Nous aimerions aussi que les municipalités
se sentent concernées et qu'elles se dotent d'une politique au harcèlement
sexuel au travail, de mettre en place des mesures nécessaires à son application.
S'ils en ont déjà une, de la revoir, de l'adapter aux conditions actuelles et
aux conditions qui vont changer prochainement. Selon les normes du travail, nos
milieux de travail devraient être exempts de conduites vexatoires, paroles,
comportements ou gestes hostiles non désirés qui portent atteinte à la dignité
d'une personne et rendent son milieu de travail néfaste. Les conseils municipaux
ont donc intérêt à élaborer ou modifier leurs politiques contre le harcèlement
sexuel au travail afin de protéger leurs employés.
Il existe une zone grise dans la Loi sur
les élections et les référendums, puis je pense qu'on a mis le doigt dessus.

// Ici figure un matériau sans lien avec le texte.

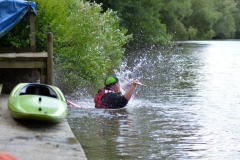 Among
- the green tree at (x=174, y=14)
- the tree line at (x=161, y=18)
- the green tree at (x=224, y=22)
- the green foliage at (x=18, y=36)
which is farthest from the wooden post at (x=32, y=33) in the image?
the green tree at (x=224, y=22)

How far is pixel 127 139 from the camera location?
9.29 meters

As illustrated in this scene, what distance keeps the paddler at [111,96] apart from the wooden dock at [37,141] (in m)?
2.61

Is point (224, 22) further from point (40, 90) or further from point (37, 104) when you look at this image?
point (37, 104)

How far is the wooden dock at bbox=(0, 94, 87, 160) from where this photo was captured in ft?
23.2

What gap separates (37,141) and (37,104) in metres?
1.21

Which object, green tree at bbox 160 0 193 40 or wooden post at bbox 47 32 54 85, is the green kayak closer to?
wooden post at bbox 47 32 54 85

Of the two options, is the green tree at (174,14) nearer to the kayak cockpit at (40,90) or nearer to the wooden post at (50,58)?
the wooden post at (50,58)

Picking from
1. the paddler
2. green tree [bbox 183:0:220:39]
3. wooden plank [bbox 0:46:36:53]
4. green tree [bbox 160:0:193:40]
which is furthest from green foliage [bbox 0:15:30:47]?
green tree [bbox 183:0:220:39]

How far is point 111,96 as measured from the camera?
39.0 feet

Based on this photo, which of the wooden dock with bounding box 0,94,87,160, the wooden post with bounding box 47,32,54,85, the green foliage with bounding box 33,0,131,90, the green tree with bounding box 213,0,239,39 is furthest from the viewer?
the green tree with bounding box 213,0,239,39

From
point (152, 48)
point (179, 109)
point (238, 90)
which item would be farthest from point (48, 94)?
point (152, 48)

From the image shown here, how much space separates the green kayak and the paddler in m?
2.20

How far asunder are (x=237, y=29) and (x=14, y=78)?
279 ft

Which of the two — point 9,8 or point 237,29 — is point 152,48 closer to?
point 9,8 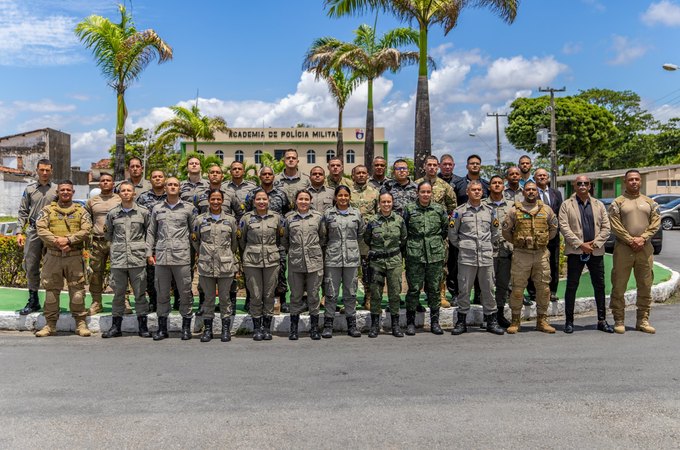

Moi, je me demande quel exemple de société on veut donner. On veut une société
qui est juste, qui protège les femmes et les enfants qui ont vécu de la
violence sexuelle. On ne veut plus qu'un élu agresse sexuellement... ou fait du
harcèlement sexuel continue d'exercer ses fonctions, puis on ne veut plus que
les élus municipaux continuent à garder la loi du silence dans nos villes et
villages du Québec. Merci.
M. Ouellet : Écoutez, vous
avez vu, Sylvie et Mme Julie Fréchette ont évoqué le pourquoi il faut
changer la loi. Mais j'aimerais vous donner aussi un exemple très concret de
cette aberration. Présentement, là, dans le cas qui est cité en question, on a
un élu qui a été condamné à sursis, 24 mois de sursis, travaux
communautaires, il doit payer un... bien, pas un dédommagement, mais il doit
payer une somme forfaitaire au CAVAC. Et, dans une de ses conditions, en plus
d'être inscrit, avec son ADN, sur le registre des délinquants sexuels à
contrôler pendant 20 ans, dans une de ses conditions, c'est de ne pas
rentrer en communication avec la victime.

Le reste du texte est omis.